A take and bake pizzeria, sometimes just known as a take and bake (or alternatively, take-n-bake), is a pizzeria which sells uncooked pizzas to customers, who then cook the pizzas at home in their own ovens.

Take-and-bake pizzas are typically made to order out of fresh ingredients (though the pizzeria may also keep a number of commonly ordered or special sale price pizzas on hand for convenience). Often because the pizzas are made with fresh and unbaked ingredients and not heated in-store, the pizzas can be paid for in some states with food assistance EBT cards.

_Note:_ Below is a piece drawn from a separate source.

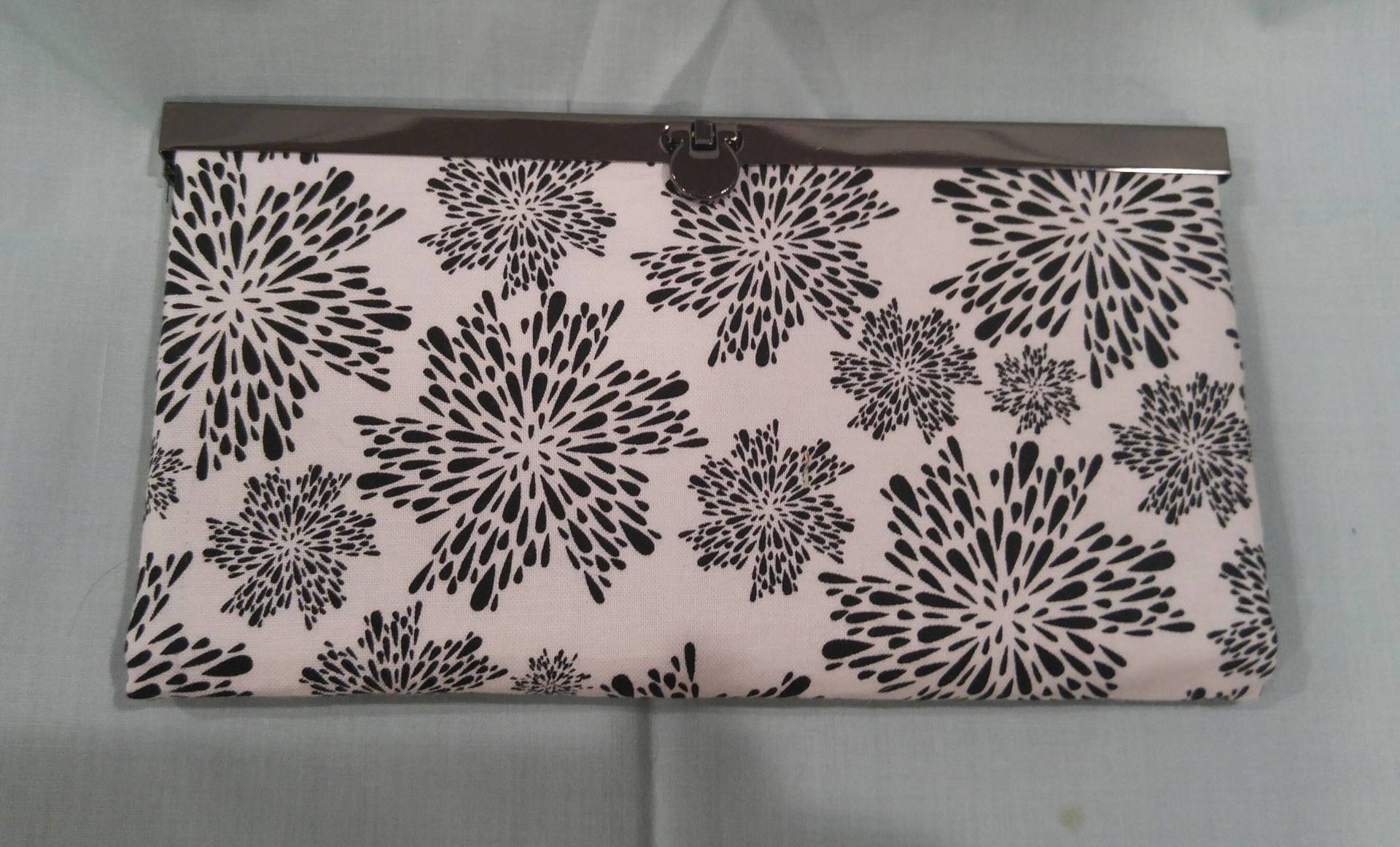 Diva Wallet Diva Wallet von StitchesbyTerriStore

According to Nation's Restaurant News, take-and-bake pizzerias typically have lower costs because they require less restaurant space and equipment. As a result, they are often able to undercut the national pizza giants.

Many take-and-bake pizzerias either operate as standalone entities, or as part of delicatessens. Such establishments often offer other menu items, such as cookie dough, soft drinks, salads, breadsticks, or dessert items, in addition to pizza. Some supermarkets also offer this feature, including Sobeys and Safeway (where a delicatessen is attached to a pizza section). In addition, some traditional dine-in pizzerias, such as Pizzeria Uno, also provide take-and-bake pizzas at some locations.

The leading specialty chains offering take and bake pizza in America are Papa Murphy's, Figaro's, and Nick-N-Willy's. Several grocery and retail chains, such as Kroger and Wal-Mart, also offer take and bake pizza.